Ainslie Marsden was one of the hot girls and seeing her pull Coach’s brains out with both hands through his face was a bit too much.

A few kids puked. I pissed myself.

“I thought Ainslie was bulemic,” Jimmy Napolitano said in a shocked whisper, which was an asshole thing to say but Jimmy could be an asshole that way.

“No. She’s vegan,” I explained. I can be an asshole, too.

We stood there, a cafeteria of us, watching Ainslie go to work on her hideous meal.

We all started making our way to the exits.

But then other slack face kids we knew came staggering in the double doors with that low, plaintive guttural growl that meant we were probably going to need to fight to keep our brains inside our heads.

They circled us.

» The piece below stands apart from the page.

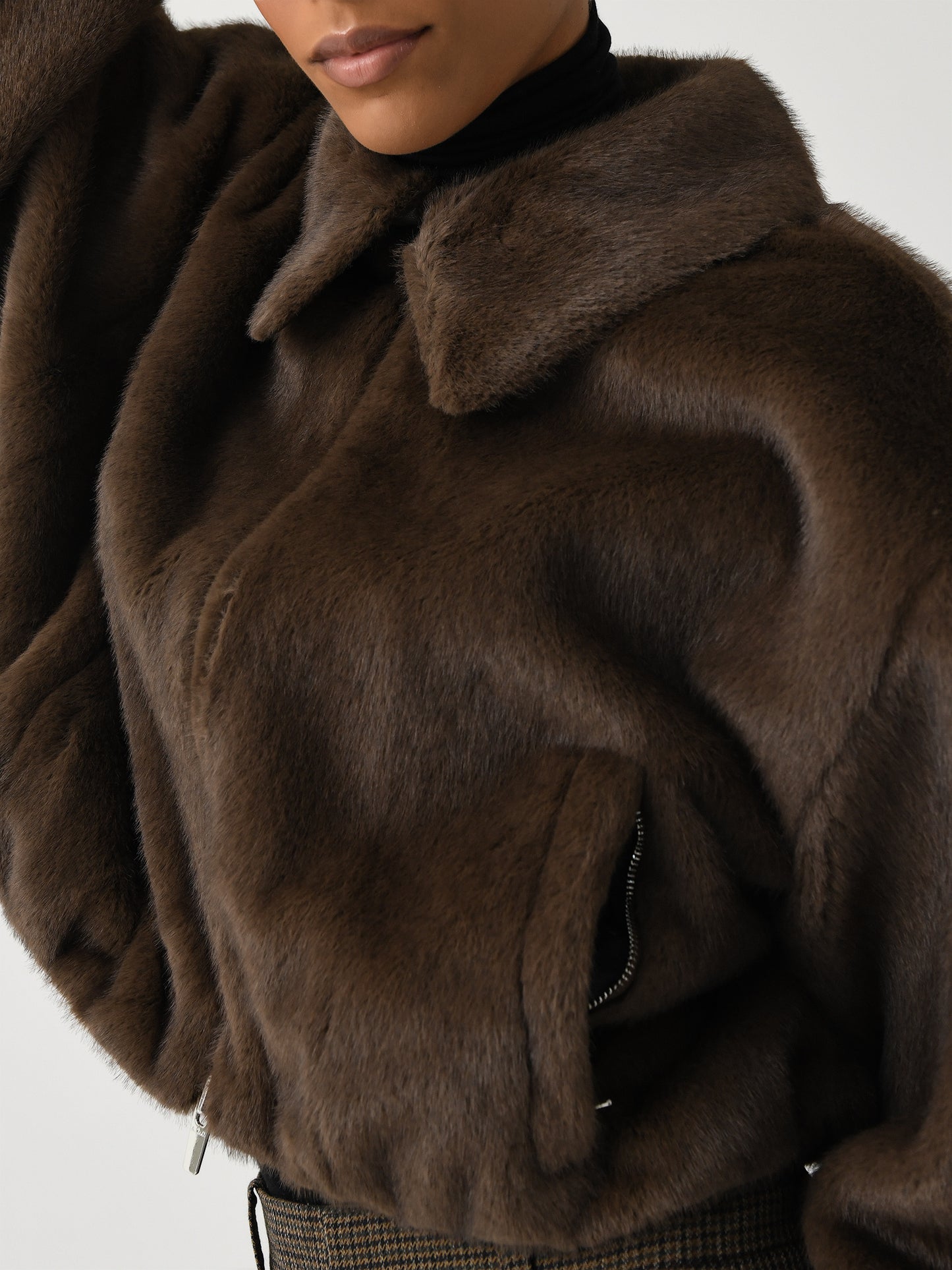 1JAKT00873xBROWN-alt4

It was Sloppy Joe day in the cafeteria so we threw our plates of Sloppy Joe at them for distraction and lifted our cafeteria trays as makeshift shields to press our way through the advancing wall of newly necrotic flesh.

We knew it was for real when we heard a scream behind us and turned to see little Charlie Helton working his teeth into our English teacher, Mrs. Walsh. Mrs. Walsh was one of those well-intentioned teachers who enjoyed ruining something perfectly cool like The Walking Dead by explaining how the recent popular fascination with zombie apocalypse represented a deep, nihilistic dread corroding our culture. She said stuff like, “Nihilism is what’s left when a culture has lost all its beliefs but doesn’t yet have new beliefs sufficient to replace them.”

Heavy stuff. Except when a zombie’s munching on your teacher’s face, nihilism is what’s left during the time while your teacher’s face is getting chewed but you’ve still got your own.

Trays up. Circle around. The zombie apocalypse had begun.